Entwaldungsfreie Lieferketten: Agrarproduktion ohne Waldzerstörung

Einer der größten Treiber von Waldzerstörungen weltweit ist die legale und illegale Umwandlung von Naturwäldern zu Agrarflächen. Betroffen sind vor allem Wälder in den Tropen. Für einen erfolgreichen internationalen Waldschutz müssen Agrarrohstoffe möglichst nachhaltig produziert werden. Das heißt auch: ohne Waldflächen zu zerstören.

Die Nachfrage in wichtigen Konsumentenländern wie den USA und China aber auch der EU, insbesondere nach Palmöl, Soja und Kakao, gilt neben dem Eigenkonsum in den Erzeugerländern und -regionen als wichtiger Antriebsfaktor. Aus diesem Grund engagieren sich immer mehr Unternehmen für den Waldschutz, indem sie sich verpflichten, ausschließlich "entwaldungsfreie", zertifizierte Agrarrohstoffe zu kaufen. Eine Zertifizierung erfolgt meist nach anerkannten Nachhaltigkeitsstandards.

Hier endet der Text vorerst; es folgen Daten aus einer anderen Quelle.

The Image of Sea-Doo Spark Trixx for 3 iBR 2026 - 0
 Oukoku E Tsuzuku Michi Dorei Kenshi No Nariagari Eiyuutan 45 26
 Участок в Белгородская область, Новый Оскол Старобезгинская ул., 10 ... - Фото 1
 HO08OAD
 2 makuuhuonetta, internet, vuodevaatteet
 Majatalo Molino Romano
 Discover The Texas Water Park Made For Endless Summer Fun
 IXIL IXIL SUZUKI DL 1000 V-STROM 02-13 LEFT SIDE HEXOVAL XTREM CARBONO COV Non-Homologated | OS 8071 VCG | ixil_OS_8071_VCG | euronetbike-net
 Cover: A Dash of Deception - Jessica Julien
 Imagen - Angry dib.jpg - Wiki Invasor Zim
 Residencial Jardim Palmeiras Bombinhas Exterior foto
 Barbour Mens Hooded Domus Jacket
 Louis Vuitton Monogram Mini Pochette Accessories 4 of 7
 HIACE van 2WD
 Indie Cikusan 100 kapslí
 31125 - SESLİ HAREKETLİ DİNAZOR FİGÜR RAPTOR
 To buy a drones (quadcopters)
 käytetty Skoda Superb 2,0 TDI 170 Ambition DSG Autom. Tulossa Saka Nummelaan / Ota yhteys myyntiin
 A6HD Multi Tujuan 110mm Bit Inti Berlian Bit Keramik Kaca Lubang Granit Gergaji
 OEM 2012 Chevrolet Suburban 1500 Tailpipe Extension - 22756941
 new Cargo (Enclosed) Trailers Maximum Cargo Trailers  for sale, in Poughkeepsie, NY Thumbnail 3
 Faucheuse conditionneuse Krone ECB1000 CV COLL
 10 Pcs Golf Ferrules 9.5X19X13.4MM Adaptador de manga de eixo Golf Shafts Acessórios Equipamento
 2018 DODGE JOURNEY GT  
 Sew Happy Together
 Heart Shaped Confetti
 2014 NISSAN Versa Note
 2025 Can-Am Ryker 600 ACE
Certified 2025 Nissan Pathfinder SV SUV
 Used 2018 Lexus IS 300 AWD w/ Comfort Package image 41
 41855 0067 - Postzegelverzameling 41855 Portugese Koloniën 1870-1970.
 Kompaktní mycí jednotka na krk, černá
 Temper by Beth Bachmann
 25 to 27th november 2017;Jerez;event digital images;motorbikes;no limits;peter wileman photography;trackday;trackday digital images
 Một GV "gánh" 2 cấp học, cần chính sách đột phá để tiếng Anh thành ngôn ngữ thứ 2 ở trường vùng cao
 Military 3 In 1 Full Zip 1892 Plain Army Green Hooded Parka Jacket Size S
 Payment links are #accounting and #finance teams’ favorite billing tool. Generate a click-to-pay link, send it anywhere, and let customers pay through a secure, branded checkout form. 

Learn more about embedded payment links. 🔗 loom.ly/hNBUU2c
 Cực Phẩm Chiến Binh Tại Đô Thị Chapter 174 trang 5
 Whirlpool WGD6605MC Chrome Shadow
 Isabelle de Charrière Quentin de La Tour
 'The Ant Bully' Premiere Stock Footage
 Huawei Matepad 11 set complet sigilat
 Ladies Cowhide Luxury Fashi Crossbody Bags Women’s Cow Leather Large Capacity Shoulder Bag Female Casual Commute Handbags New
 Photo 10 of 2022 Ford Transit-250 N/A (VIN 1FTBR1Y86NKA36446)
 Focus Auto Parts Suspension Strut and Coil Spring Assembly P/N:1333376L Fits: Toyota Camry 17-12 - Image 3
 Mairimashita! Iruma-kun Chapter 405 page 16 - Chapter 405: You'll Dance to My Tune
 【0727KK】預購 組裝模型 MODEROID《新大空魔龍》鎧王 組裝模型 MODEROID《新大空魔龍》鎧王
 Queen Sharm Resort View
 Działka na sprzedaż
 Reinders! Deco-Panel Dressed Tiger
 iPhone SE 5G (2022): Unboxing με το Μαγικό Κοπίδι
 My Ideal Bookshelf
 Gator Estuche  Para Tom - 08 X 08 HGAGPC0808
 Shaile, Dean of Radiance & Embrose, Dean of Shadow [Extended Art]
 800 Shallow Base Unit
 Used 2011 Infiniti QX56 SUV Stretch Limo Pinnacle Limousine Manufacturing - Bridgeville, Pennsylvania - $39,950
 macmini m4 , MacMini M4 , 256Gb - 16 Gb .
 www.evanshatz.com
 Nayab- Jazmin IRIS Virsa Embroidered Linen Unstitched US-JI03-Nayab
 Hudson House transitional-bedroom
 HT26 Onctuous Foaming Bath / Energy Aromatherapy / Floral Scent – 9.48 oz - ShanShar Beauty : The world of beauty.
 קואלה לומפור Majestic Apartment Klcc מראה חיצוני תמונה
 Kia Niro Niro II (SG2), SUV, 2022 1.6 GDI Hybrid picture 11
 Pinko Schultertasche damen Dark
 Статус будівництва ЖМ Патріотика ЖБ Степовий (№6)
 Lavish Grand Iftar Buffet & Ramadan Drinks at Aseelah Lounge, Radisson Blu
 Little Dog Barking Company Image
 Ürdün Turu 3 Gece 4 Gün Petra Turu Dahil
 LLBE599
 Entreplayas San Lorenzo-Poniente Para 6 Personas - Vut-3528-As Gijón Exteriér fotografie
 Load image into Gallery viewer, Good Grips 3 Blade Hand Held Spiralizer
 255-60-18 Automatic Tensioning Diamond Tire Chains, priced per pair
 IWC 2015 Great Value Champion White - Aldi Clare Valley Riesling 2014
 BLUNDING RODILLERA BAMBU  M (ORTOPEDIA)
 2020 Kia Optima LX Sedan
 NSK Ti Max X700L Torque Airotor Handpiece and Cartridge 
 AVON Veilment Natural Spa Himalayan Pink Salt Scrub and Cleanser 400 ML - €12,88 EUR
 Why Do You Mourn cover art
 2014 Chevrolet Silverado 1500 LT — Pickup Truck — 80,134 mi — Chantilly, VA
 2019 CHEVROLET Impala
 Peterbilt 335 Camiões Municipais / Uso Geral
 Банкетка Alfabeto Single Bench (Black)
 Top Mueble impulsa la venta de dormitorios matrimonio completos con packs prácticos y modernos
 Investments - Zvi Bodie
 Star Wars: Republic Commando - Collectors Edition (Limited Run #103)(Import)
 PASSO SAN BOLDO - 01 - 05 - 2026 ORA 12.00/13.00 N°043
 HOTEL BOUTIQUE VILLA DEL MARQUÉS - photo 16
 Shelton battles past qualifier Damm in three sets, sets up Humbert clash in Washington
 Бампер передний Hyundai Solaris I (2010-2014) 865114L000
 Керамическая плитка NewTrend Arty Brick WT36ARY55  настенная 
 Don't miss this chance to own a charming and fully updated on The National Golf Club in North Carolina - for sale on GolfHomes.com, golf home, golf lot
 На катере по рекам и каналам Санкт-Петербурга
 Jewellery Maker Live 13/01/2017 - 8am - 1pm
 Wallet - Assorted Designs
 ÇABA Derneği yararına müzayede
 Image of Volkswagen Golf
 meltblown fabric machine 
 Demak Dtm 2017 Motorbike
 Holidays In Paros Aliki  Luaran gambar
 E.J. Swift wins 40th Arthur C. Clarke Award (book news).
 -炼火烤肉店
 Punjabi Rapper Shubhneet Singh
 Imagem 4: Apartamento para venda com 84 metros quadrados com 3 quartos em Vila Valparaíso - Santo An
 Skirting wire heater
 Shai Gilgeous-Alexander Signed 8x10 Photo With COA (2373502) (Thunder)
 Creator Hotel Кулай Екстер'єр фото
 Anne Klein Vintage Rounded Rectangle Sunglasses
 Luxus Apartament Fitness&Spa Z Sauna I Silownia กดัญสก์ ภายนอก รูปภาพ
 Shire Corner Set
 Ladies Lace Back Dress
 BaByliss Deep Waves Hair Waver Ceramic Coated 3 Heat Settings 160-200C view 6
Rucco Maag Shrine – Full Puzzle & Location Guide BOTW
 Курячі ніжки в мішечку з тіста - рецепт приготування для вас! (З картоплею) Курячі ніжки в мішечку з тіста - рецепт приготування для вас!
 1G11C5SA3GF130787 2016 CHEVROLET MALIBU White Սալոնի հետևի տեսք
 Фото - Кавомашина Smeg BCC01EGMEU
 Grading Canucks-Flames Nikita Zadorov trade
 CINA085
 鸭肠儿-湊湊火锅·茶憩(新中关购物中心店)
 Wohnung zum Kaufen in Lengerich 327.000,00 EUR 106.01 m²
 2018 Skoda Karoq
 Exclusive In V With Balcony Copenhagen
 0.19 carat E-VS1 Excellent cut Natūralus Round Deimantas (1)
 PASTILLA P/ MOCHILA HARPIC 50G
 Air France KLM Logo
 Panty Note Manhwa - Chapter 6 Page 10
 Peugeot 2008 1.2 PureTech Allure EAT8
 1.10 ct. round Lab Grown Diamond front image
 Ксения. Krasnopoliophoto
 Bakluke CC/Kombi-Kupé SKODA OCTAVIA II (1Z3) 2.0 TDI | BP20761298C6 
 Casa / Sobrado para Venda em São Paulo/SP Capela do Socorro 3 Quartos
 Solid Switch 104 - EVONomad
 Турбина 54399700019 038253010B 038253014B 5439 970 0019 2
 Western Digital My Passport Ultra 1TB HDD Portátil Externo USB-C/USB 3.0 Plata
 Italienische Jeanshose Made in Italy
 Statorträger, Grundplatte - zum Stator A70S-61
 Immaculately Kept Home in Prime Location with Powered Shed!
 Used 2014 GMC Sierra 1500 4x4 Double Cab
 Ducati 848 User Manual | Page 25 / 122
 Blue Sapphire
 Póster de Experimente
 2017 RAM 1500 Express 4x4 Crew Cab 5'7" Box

Das BMEL fördert solche privatwirtschaftlichen Initiativen auch innerhalb Deutschlands. Erfolgreiche Ansätze zeigen vor allem

Ziel ist es, dem landwirtschaftlichen Sektor in Erzeugerländern mehr Anreize zum Walderhalt zu setzen und eine walderhaltende, nachhaltigere Flächennutzung zu fördern. Ähnliche Maßnahmen werden aktuell auf Initiative des BMEL auch für Soja im nationalen Eiweißforum diskutiert, denn der hohe Bedarf an eiweißhaltigen Futtermitteln bedingt eine hohe Importrate Deutschlands für diesen Agrarrohstoff. Internationale Zertifikate sind auch hierfür grundsätzlich vorhanden. Bei allen Initiativen gilt es vor dem Hintergrund des weltweiten Waldrückgangs als wichtiges Ziel, nicht nur die illegalen, sondern möglichst auch die bisher ganz legalen Waldumwandlungen zu verhindern und Agrarrohstoffe auf waldfreien Standorten anzubauen.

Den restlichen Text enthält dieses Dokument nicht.